> **What is being asked**
Write out the data word for word and omit every picture.

++++ Data shown ++++

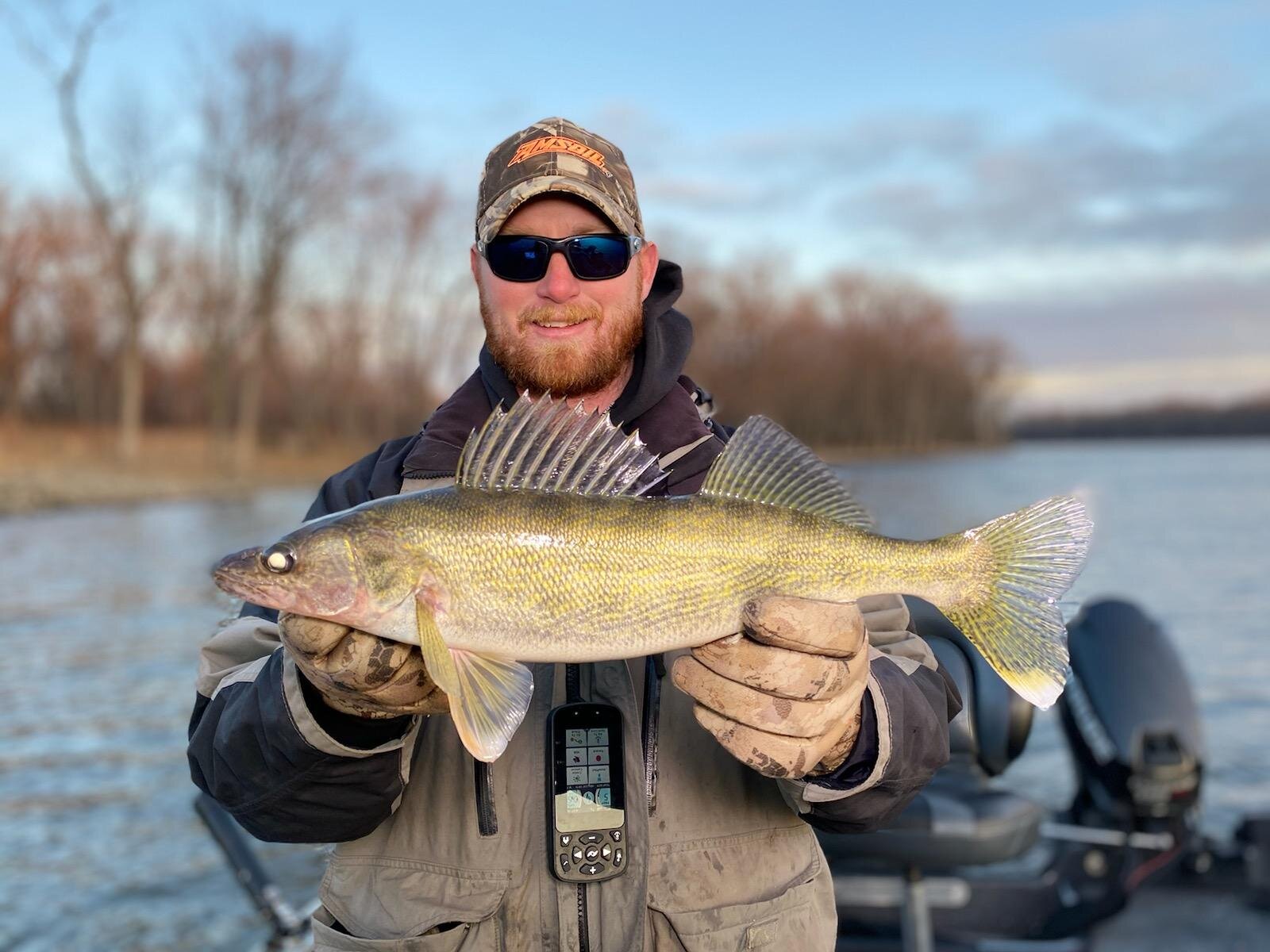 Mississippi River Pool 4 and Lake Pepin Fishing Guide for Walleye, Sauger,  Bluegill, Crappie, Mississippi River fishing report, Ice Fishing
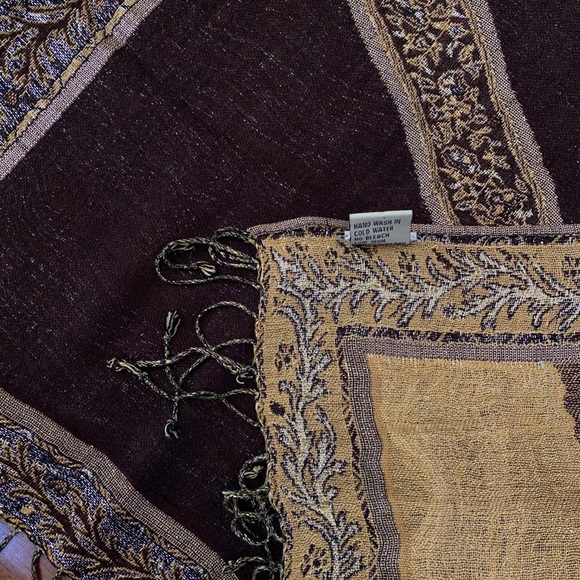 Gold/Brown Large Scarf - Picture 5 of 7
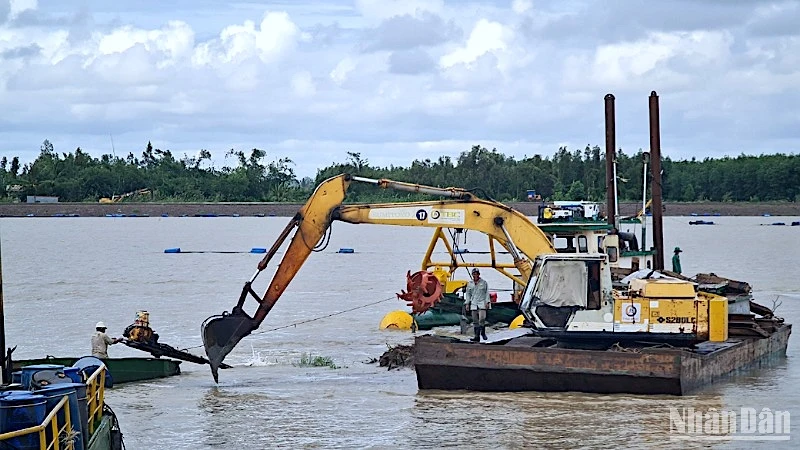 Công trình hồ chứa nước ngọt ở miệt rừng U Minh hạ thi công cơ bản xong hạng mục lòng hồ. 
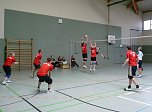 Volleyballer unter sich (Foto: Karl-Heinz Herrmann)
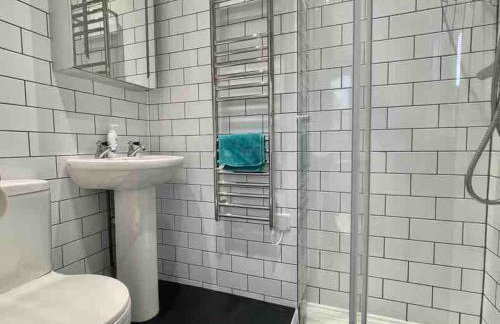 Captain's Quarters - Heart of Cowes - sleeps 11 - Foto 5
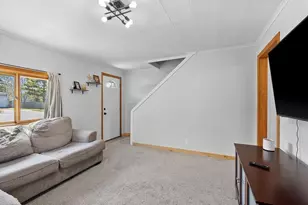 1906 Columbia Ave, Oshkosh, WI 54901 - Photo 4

++++

> **Written answer**
 Mississippi River Pool 4 and Lake Pepin Fishing Guide for Walleye, Sauger,  Bluegill, Crappie, Mississippi River fishing report, Ice Fishing
 Gold/Brown Large Scarf - Picture 5 of 7
 Công trình hồ chứa nước ngọt ở miệt rừng U Minh hạ thi công cơ bản xong hạng mục lòng hồ. 
 Volleyballer unter sich (Foto: Karl-Heinz Herrmann)
 Captain's Quarters - Heart of Cowes - sleeps 11 - Foto 5
 1906 Columbia Ave, Oshkosh, WI 54901 - Photo 4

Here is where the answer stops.